IBM Cloud Docs
Understanding high availability and disaster recovery for CIS

Understanding high availability and disaster recovery for CIS

High AvailabilityThe ability of a service or workload to withstand failures and continue providing processing capability according to some predefined service level. For services, availability is defined in the Service Level Agreement. Availability includes both planned and unplanned events, such as maintenance, failures, and disasters. (HA) is the ability for a service to remain operational and accessible in the presence of unexpected failures. Disaster recoveryThe ability of a service or workload to recover from rare, major incidents and wide-scale failures, such as service disruption. This includes a physical disaster that affects an entire region, corruption of a database, or the loss of a service contributing to a workload. The impact exceeds the ability of the high availability design to handle it. (DR) is the process of recovering the service instance to a working state.

Cloud Internet Services (CIS) is a global service designed to remain operational during regional outages. CIS is designed to meet the Service Level Objectives (SLO) with all plans.

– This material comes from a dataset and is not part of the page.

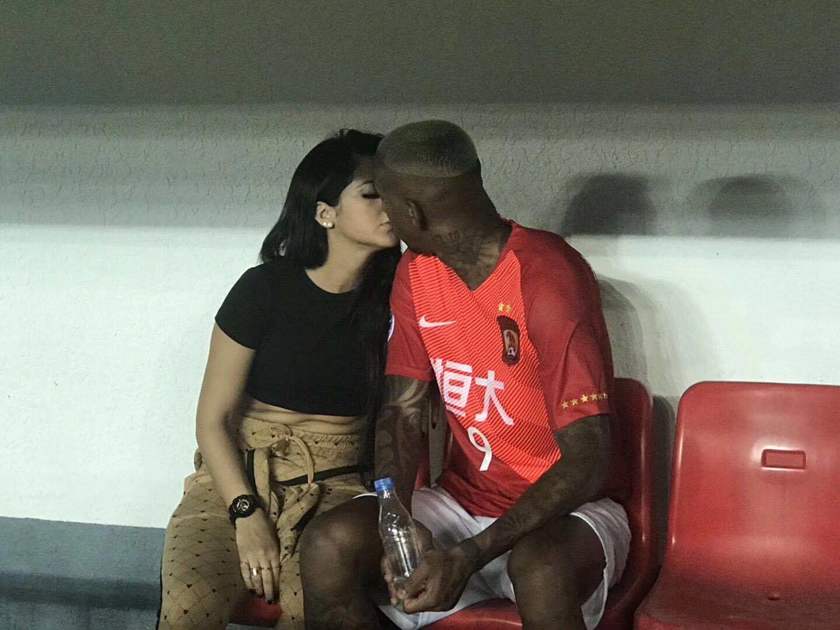 亚冠最香艳1幕：娇艳女友与塔利斯卡热吻，看肚子也是个白斩鸡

CIS is a globally available GA service, with public API endpoints accessible worldwide through a global load balancer across three multi-zone regions: Dallas (us-south), Washington, DC (us-east), and London (eu-gb). In the event of an outage in one region, the global load balancer automatically routes API traffic to the nearest available region. Data is replicated across these regions for optimized latency and HA.

See How IBM Cloud ensures high availability and disaster recovery to learn more about the HA and DR standards in IBM Cloud. You can also find information about Service Level Agreements.

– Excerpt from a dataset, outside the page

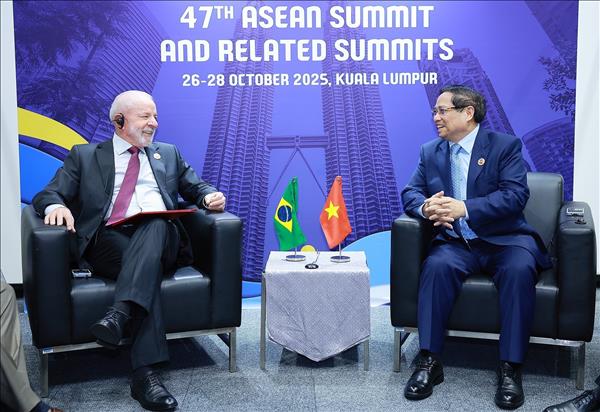 Hội nghị Cấp cao ASEAN 47: Thủ tướng Phạm Minh Chính gặp lãnh đạo các nước Campuchia, Canada và Brazil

High availability architecture

CIS is architected to support HA across multiple layers of your IT infrastructure. You can design for HA at different levels, depending on business requirements, Service Level Agreements (SLAs), and available resources.

CIS separates its architecture into two core components: the control plane (API and configuration layer) and the data plane (traffic processing and enforcement layer). This separation is key to ensuring service continuity during component-specific issues.

  • The CIS API control plane allows you to configure and manage services such as DNS records, firewall rules, and load-balancing policies. It runs on IBM Cloud and may experience occasional outages or maintenance windows. While rare, control plane availability might not always match that of the data plane. If unavailable, you may not be able to make changes, but existing configurations continue to be enforced.

  • The CIS data plane, powered by Cloudflare’s global Anycast network, is responsible for serving live traffic, including DNS resolution, DDoS protection, content delivery, and firewall enforcement. It is designed for extremely high uptime and resilience. The data plane continues to operate normally even when the control plane is down, preserving performance and security.

This architecture ensures that control plane disruptions do not impact end-user traffic, providing a resilient foundation for highly available application delivery.

CIS is designed to meet the following Service Level Objectives (SLOs):

SLO for CIS
Availability Target Target Value
Availability % 99.999%
Global Anycast Network Uptime 100%
DNS Resolution Time < 50 ms
DDoS Mitigation Response Time < 3 seconds
Configuration Propagation Time < 60 seconds

These targets reflect the robustness of the data plane, which delivers the actual services to your users. You get the most value from CIS through the performance and reliability of this layer, which is engineered for global scale and HA.

The SLO is not a warranty and IBM will not issue credits for failure to meet an objective. Refer to the SLAs for commitments and credits that are issued for failure to meet any committed SLAs. For a summary of all SLOs, see IBM Cloud service level objectives.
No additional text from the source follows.